Quel film glaçant, viscéral, dur et réaliste. Jungi Sakamoto a choisi une mise en scène classique, proche du documentaire pour nous plonger dans l'univers sordide de l'âme humaine. La longue séquence d'introduction, sans dialogue, donne le ton. Une pièce, une cellule dans une ville. Des enfants allongés sur des matelas sordides. Un femme entre, choisit une fille et referme la grille.  Une voiture s'arrête dans un village pauvre et isolée. Un homme s'arrête, achète un garçon et repart à la ville. Sans un mot en 4 minutes l'univers est en place, celui d'enfants marchandises, d'un système bien rôdé, clinique, d'un supermarché de la honte. Le film va dès lors fonctionner à deux niveaux. Le premier c'est celui de la plongée dans celui de la prostitution enfantine. Et il ne prend pas de gants pour nous montrer ces hôtels de passe repère de pédophiles issus de tous les pays riches. Il dresse une galerie de portraits de ces prédateurs sexuels : quelques scènes sont très violentes même si la réalité est encore pire. On frissonne devant ce client violant l'enfant tout en lui demandant s'il va à l'école. Le film dénoue tout le commerce construit autour de l'abus d'enfants : les passeurs, les intermédiaires, les mafias, les policiers corrompus, les parents. Il montre de manière cru comment ces enfants sont dressés, déshumanisés.  Mais ce qui est fort c'est que film tape surtout sur les étrangers, ceux qui stimulent l'offre. Et le Japon en prend pour son grade. 

L'autre versant du film ce sont les deux enquêtes. Celle du journaliste cherchant à  dénoncer le commerce d'organes ici du coeur, ce commerce de la peine (celle des parents japonais voulant sauver leur enfant), cette amnésie volontaire (la mère), ce commerce du mensonge (des médecins, des intermédiaires).  Et sans révéler la fin, le film est dans la grande tradition du cinéma japonais : pas de happy end. Il y a aussi celle de l'.O.N.G cherchant à sauver cette fille malade dont les jours sont comptés.
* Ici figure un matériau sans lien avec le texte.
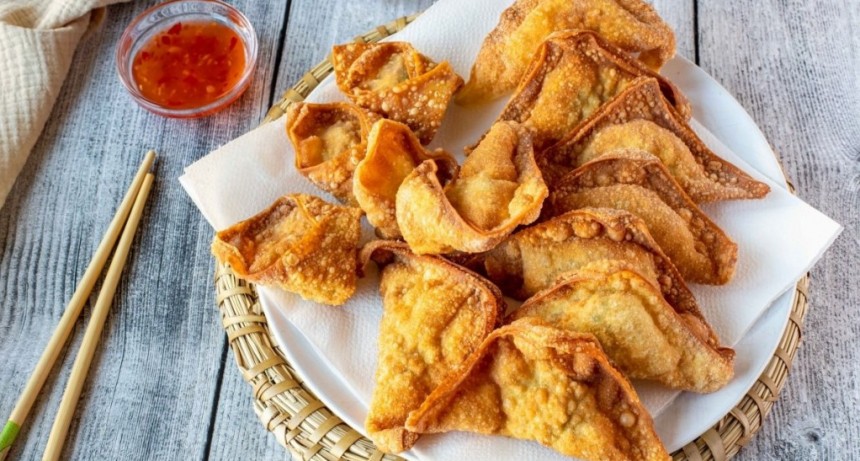 ¡Crujientes y adictivos! Descubrí cómo preparar los auténticos Wan Tun fritos en casa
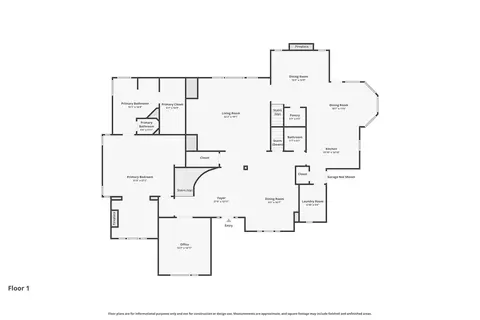 Floorplan - 1322 Ryan Dr, Centralia, MO 65240 photo 1 of 4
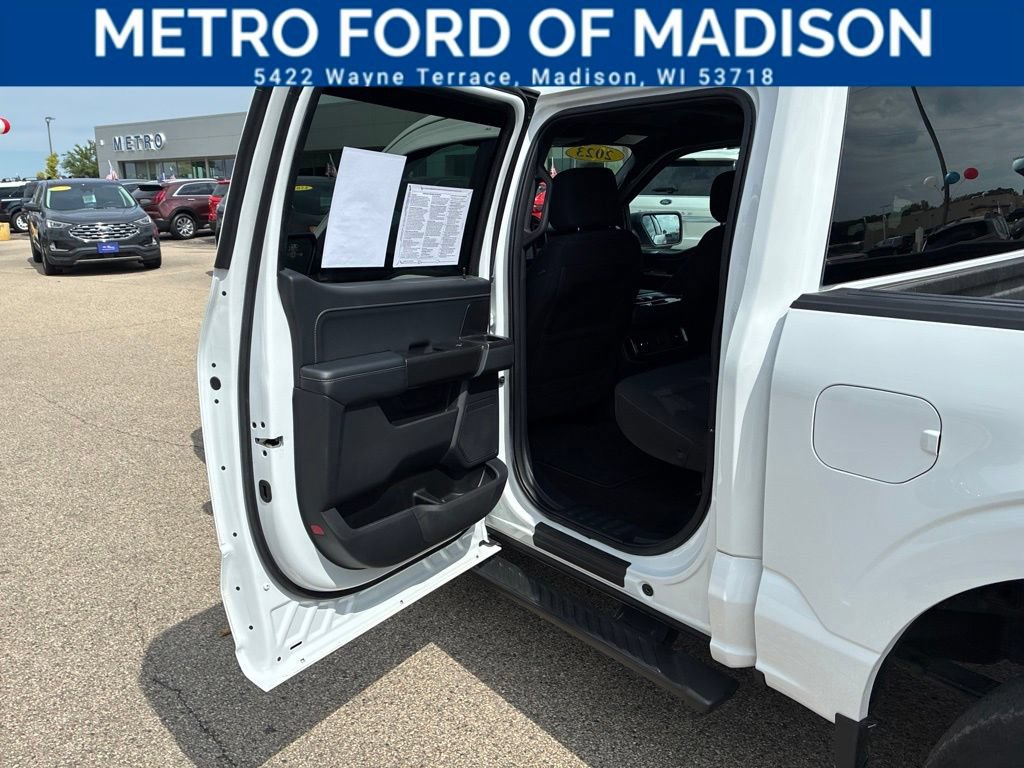 Certified 2023 Ford F150 XLT w/ Equipment Group 302A High AWD/4WD image 42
Finira-t-elle dans un sac à ordure dans une décharge ? A travers ces enquêtes le film parle aussi de rédemption, de reconstruction. Que deviennent en grandissant ces enfants abusés et violés ? pourquoi le journaliste veut-il à ce point écrire son article sur le trafic d'organes mais est gêné par la dénonciation de la prostitution ? pourquoi la jeune militante thaïlandaise n'apprécie-t-elle pas la jeune japonaise ? tous ces fils scénaristiques se rejoignent lors d'un final palpitant, surprenant, pessimiste mais aussi une leur d'espoir. 

Niveau réalisation c'est un film classique dans, son rythme sa lumière, ses cadres. Le montage se révèle en revanche très astucieux pour distiller les nuances d'émotion (le regard du jeune enfant avant l'opération, le sourire du passeur), les nombreux flashbacks et surtout les détails qui construisent l'ensemble des révélations finales. Il y a quelques scènes très travaillées : notamment celle des clients alignés par la police contre un mur, un wall of shame terrifiant, la laideur de l'être humain. Il faut souligner pour ce film l'excellence du casting nippo-thaïlandais, la star Aoi Miyazaki entre autres. Les enfants jouent merveilleusement bien, ce qui est remarquable compte tenu la noirceur du propos. 

Poignant, triste, Children of the dark mérite d'être vu et revu.  Un hymne à l'innocence foudroyée par la cupidité.